Last year saw the release of Vittar’s debut album, Vai Passar Mal. The album consists of 10 eclectic tracks that blend modern pop with traditional Brazilian sounds. Vittar might cite America divas like Rihanna as major inspiration in her career, but the biggest influence on her music remains her home country. “I will always try to take my culture to every corner of the world; I want everyone to know the culture I grew up in, [the culture] I fell in love with, because it’s not enough to love other cultures and step on my own,” Vittar explains to Remezcla.
And the love is mutual. Vittar is not only immensely popular in Brazil, but she’s also a huge role model and spokesperson for the LGBT community there. It’s a position Vittar doesn’t take lightly. She uses her platform to speak freely about issues facing the queer community and is a comfort to kids across the country. “[Fans] tell me a lot about their daily struggle to go out on the street being gay, being drag… I want to give them strength so they can continue being who they are,” says Vittar for the Guardian. Through her music, Vittar spreads messages of empowerment, liberation, and pure joy. Vai Passar Mal is a truly a soundtrack of self-love and positivity.
The album’s most notable tracks include “K.O.,” the music video for which features Vittar in a boxing ring wearing nothing but a matching underwear-and-bra set complete with thigh-high, heeled boots over fishnet tights. She’s a total knockout both literally and figuratively.

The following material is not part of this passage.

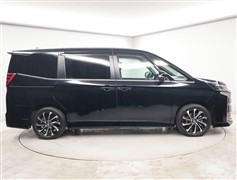 ノア HV S-Z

Of course, we would be remiss to mention Vai Passar Mal without discussing the music video “Então Vai,” where Vittar, dressed in a rainbow bathing suit, boldly kisses Diplo. Vittar doesn’t even “have words” to describe that experience, she tells Charli XCX in an interview for Paper Magazine. She tries anyway: “Diplo’s mouth and mine were meant to be together. His lips are sweet and soft, it felt like eating Jambo, which is a very sweet and delicious fruit from Brazil.”
What makes these two music videos so remarkable, is Vittar’s blatant, unashamed display of her sexuality. Whether it’s showing off her body in the “K.O.” video or making out with a famous DJ in “Então Vai,” Vittar is truly ‘out ‘n proud,’ and she’s all the more popular for it too.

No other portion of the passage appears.